> _TASK_: Copy exactly, beginning with the line holding "Ornamental Plants Name |" and ending with the final line of the data beneath this task; copy nothing else, and leave out every picture.

> _COLLECTED DATA_:
========

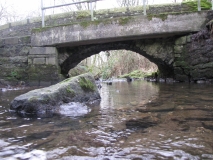 Pickles bridge upstream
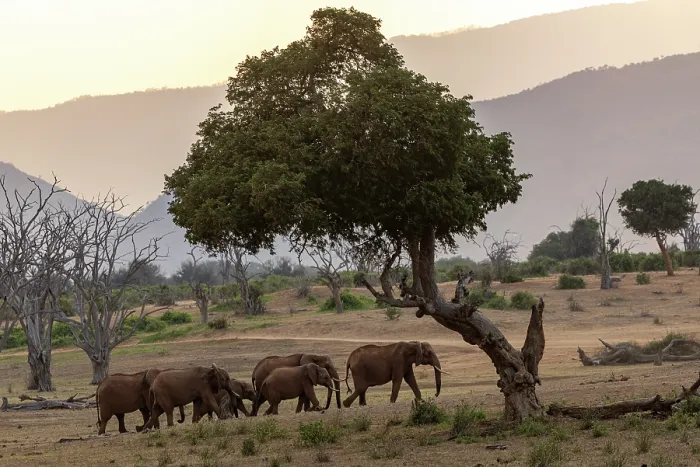 Framed Print : Elephants (Loxodonta africana) family herd walking across savanna at dusk, Tsavo East National Park, Kenya. Endangered Framed Print : Elephants (Loxodonta africana) family herd walking across savanna at dusk, Tsavo East National Park, Kenya. Endangered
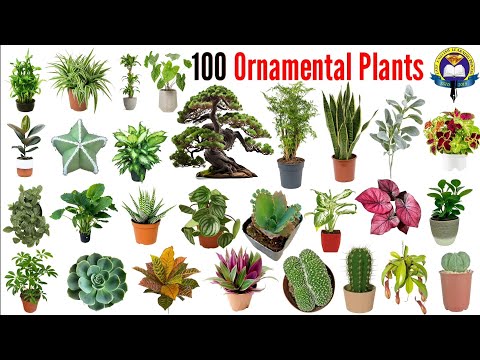Ornamental Plants Name | 100 Ornamental Plants Name With Pictures | Easy English Learning Process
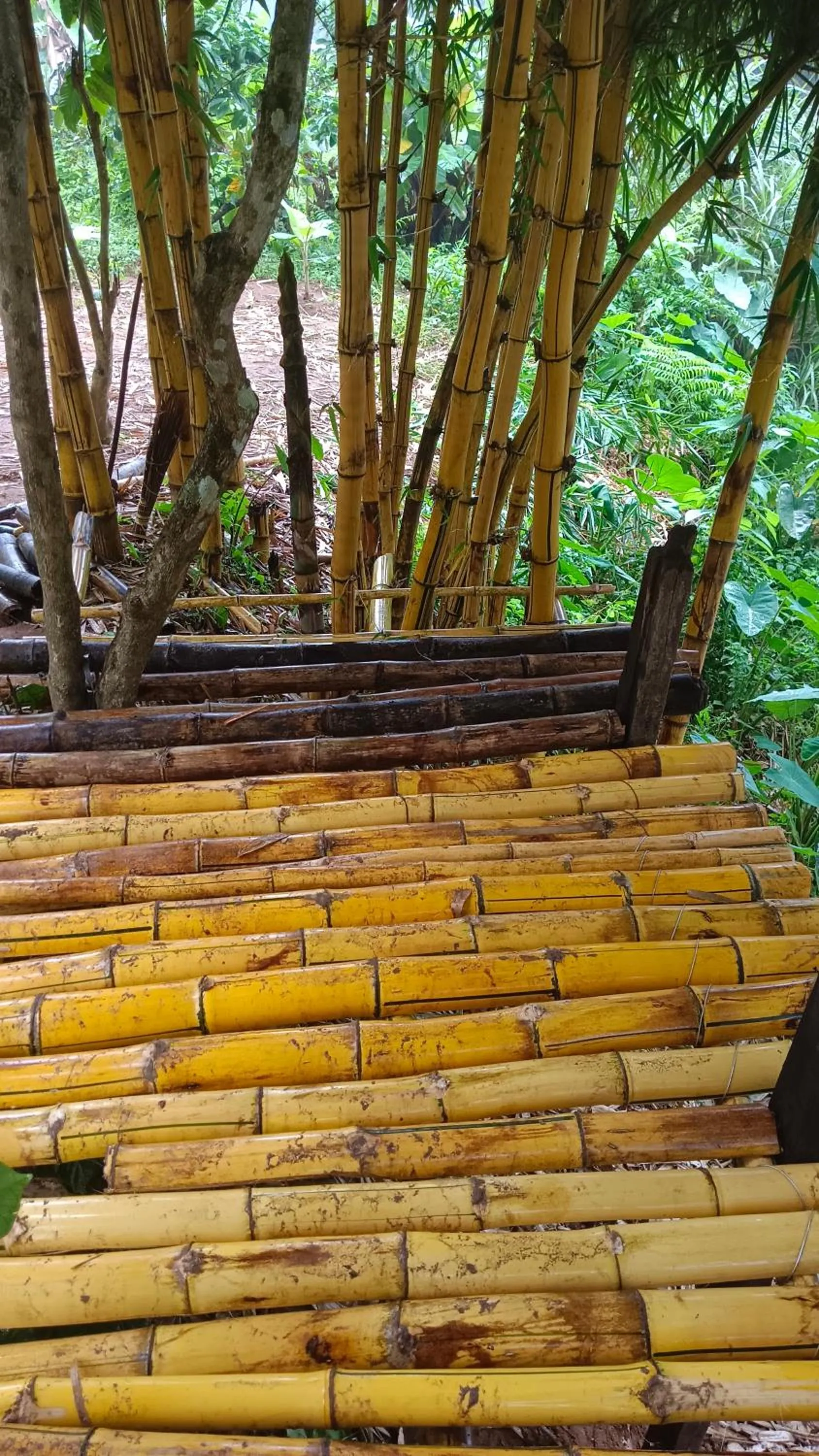 The wayside cottage Munnar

========

> _WRITTEN REPLY_:
Ornamental Plants Name | 100 Ornamental Plants Name With Pictures | Easy English Learning Process
 The wayside cottage Munnar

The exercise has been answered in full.